An alternative approach to treating imbalanced data is to redress ratio of “rare” and “common” values in a dataset by strategic resampling. Inspired by a similar problem of imbalanced classes in classification, Torgo et al. (2015) proposed two resampling strategies for continuous outcomes in regression analysis. Both methods rely on the notion of relevance (Torgo & Ribeiro, 2007), a function mapping output variable domain to [0, 1]. Relevance is inversely proportional to probability density function of the output variable with rarer observations having higher relevance and more common observations having lower relevance. Choosing a relevance threshold allows one to divide the dataset into two subsets: “common” observations and “rare” observations. Torgo et al. propose two schemes: (i) undersampling of common observations (undersampler) and (ii) undersampling of common observations combined with oversampling of rare observations (SmoteR). Both schemes attempt to create a more balanced dataset allowing for a better representation of values in low probability density areas. Undersampling consists of randomly selecting a subset of normal observations of a pre-specified size. In oversampling, additional “synthetic” rare observations are created by interpolation between existing rare cases and one of its k nearest neighbours. Any regressor can then be applied to a new, re-balanced dataset.

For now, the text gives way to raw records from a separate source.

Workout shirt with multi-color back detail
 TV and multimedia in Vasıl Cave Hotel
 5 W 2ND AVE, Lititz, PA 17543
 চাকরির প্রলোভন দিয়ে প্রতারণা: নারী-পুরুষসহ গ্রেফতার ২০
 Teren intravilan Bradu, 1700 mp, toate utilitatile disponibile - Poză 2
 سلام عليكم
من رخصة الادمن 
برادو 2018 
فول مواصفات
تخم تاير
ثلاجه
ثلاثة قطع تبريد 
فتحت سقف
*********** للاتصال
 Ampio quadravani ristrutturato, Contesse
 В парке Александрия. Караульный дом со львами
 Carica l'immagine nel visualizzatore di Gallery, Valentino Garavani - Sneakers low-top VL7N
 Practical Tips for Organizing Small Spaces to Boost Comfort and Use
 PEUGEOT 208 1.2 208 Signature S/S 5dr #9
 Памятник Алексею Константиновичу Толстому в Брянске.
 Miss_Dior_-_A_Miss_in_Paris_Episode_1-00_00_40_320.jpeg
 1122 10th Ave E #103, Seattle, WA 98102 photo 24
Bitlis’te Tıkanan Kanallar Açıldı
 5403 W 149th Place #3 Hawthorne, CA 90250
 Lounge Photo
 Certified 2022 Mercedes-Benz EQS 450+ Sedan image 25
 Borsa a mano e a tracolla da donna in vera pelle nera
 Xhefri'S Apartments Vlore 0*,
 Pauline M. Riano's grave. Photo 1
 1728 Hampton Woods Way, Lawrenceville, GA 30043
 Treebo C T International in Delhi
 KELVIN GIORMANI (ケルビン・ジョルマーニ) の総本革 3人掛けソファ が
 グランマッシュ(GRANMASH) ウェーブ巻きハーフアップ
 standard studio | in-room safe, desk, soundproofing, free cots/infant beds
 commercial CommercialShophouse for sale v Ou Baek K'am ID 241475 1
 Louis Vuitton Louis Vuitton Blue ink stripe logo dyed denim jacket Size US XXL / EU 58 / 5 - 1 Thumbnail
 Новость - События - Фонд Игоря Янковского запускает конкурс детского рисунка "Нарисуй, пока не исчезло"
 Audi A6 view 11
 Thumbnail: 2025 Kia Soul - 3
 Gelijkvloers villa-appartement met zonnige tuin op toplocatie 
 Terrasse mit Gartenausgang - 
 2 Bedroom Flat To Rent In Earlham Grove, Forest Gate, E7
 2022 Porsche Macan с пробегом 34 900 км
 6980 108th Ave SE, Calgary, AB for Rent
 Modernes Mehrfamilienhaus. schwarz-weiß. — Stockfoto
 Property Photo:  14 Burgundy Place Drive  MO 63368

Both, undersampling and SmoteR, are honed towards datasets with rare values concentrated in tail(s) of the distribution. For such distributions, relevance function can be easily calculated and has one or two “relevance bumps”—areas of high relevance, local maxima. However, for more sophisticated distributions (e.g. bimodal), the user has to provide bespoke parameters for construction of the relevance function. This is in contrast to our method, where binning of data is automated via a chosen discretization method. We note that these resampling methods can also be used as part of our proposed framework (see Sect. 6).

3 Methodology

3.1 Algorithm

The original algorithm is described formally in Algorithm 1 and the extension in Algorithm 2. However, we also provide an informal description of the extended algorithm below and a descriptive figure (see Fig. 2). Like the original algorithm, the proposed extension is also split into a build and a prediction phase. In the build phase, the required inputs are a learning set with a continuous response one is interested in modelling, a specified maximum bin size, an unsupervised discretizer, and classification and regression algorithms of one’s choosing. The following steps are performed:

1.
Discretize the learning set into n bins, where n runs from 1 to the maximum bin size. Note that \(n=1\) is the base case and so no discretization is performed. For example, for a maximum bin size of 3, we end up with three response sets: set 1—base case, set 2—learning set discretized into 2 bins, and set 3—learning set discretized into 3 bins (see Fig. 1).
2.
Build a regressor for the base case. For response sets 2 up to the specified maximum bin size, build a single classifier which classifies whether a new sample belongs to a certain bin, and build a regressor for each bin. Therefore, a single classifier and two regressors are built for response set 2, a single classifier and 3 regressors are built for response set 3, and so on.
3.
Learn weights that will be used for combining the predictions from the different response sets using the standard stacking procedure. That is, for each response set, generate a meta-feature using the previous two steps and learn combining weights that will be applied to the predictions made for unseen samples. Using these meta-features, also identify the single best performing bin size, which may be the base case.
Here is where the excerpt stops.